Evaluation Evaluation tools are developed along with the drill/exercise. The evaluation of the disaster exercise should be tied to the core capabilities and capability targets. Core capabilities The distinct critical elements necessary to achieve a specific mission area (e.g., prevention). To assess both capacity and gaps, each core capability includes capability targets. Capability target(s) The performance threshold(s) for each core capability; they state the exact amount of capability that exercise players aim to achieve. Capability targets are typically written as quantitative or qualitative statements. Capability targets and critical tasks are based on operational plans, policies, and procedures to be exercised and tested during the exercise. Critical tasks The distinct elements required to perform a core capability; they describe how the capability target will be met. Critical tasks include the activities, resources, and responsibilities required to fulfill capability targets.
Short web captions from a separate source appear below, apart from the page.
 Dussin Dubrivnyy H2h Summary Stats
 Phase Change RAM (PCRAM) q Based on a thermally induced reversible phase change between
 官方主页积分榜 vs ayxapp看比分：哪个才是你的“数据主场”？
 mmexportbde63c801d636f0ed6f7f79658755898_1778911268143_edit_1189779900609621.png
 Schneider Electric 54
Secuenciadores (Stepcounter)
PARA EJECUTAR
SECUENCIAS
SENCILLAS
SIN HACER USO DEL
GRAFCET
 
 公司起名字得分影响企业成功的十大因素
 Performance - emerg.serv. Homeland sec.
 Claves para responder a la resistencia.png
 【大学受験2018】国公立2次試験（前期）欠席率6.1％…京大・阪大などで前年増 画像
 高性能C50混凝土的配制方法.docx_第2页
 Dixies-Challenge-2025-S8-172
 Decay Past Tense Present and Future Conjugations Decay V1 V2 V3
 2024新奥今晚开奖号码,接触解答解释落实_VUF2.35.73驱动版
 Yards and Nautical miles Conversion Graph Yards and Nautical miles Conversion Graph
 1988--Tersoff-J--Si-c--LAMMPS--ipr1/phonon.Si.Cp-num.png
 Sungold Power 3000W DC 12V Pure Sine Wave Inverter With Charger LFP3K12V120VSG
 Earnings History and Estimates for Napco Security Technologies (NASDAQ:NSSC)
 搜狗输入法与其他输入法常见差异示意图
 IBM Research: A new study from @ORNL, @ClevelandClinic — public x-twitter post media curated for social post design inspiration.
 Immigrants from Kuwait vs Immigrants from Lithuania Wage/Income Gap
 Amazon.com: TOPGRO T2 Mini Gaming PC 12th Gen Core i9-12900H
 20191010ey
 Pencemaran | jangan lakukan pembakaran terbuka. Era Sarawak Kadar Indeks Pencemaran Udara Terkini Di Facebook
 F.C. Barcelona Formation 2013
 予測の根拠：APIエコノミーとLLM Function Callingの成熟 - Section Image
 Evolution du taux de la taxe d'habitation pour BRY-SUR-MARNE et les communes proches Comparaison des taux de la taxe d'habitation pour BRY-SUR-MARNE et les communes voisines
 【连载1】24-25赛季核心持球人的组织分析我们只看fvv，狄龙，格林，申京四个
Organizational Exercise Evaluation Guides Exercise Evaluation Guides containing organizational capability targets and critical tasks. These are developed for a specific organization. Improvement Planning During improvement planning, the corrective actions identified during individual exercises are tracked to completion, ensuring that exercises yield tangible preparedness improvements. An effective corrective action program develops IPs that are dynamic documents, which are continually monitored and implemented as part of the larger system of improving preparedness.
National Training Program The National Training Program (NTP) provides an organized approach to training for emergency managers and emergency response providers. The NTP provides policy, guidance, and tools that address training design, development, delivery, and evaluation, as appropriate. The NTP supports the development, promulgation, and regular updating, as necessary, of national voluntary consensus standards for training; and ensure that the training provided under the NTP is consistent with the standards.
FEMA Training Organizations Center for Domestic Preparedness Emergency Management Institute National training and Education Division National Fire Academy
Center for Domestic Preparedness The Center for Domestic Preparedness (CDP) develops and delivers advanced training for emergency response providers, emergency managers, and other government officials from state, local, and tribal governments.
Emergency Management Institute The Emergency Management Institute (EMI) develops and delivers emergency management training to enhance the capabilities of federal, state, local, and tribal government officials, volunteer organizations, and the public and private sectors to minimize the impact of disasters.
National Training and Education Division Training and Exercise Integration/ Training Operations (TEI/TO) offers more than 125 courses to help build critical skills that responders need to function effectively in mass consequence events. Training partners include the National Domestic Preparedness Consortium (NDPC), the Rural Domestic Preparedness Consortium (RDPC), the Naval Postgraduate School (NPS), and Center for Domestic Preparedness (CDP), among others.
National Fire Academy Provides leadership skills and advanced technical training for local fire and emergency services in prevention, preparedness and response.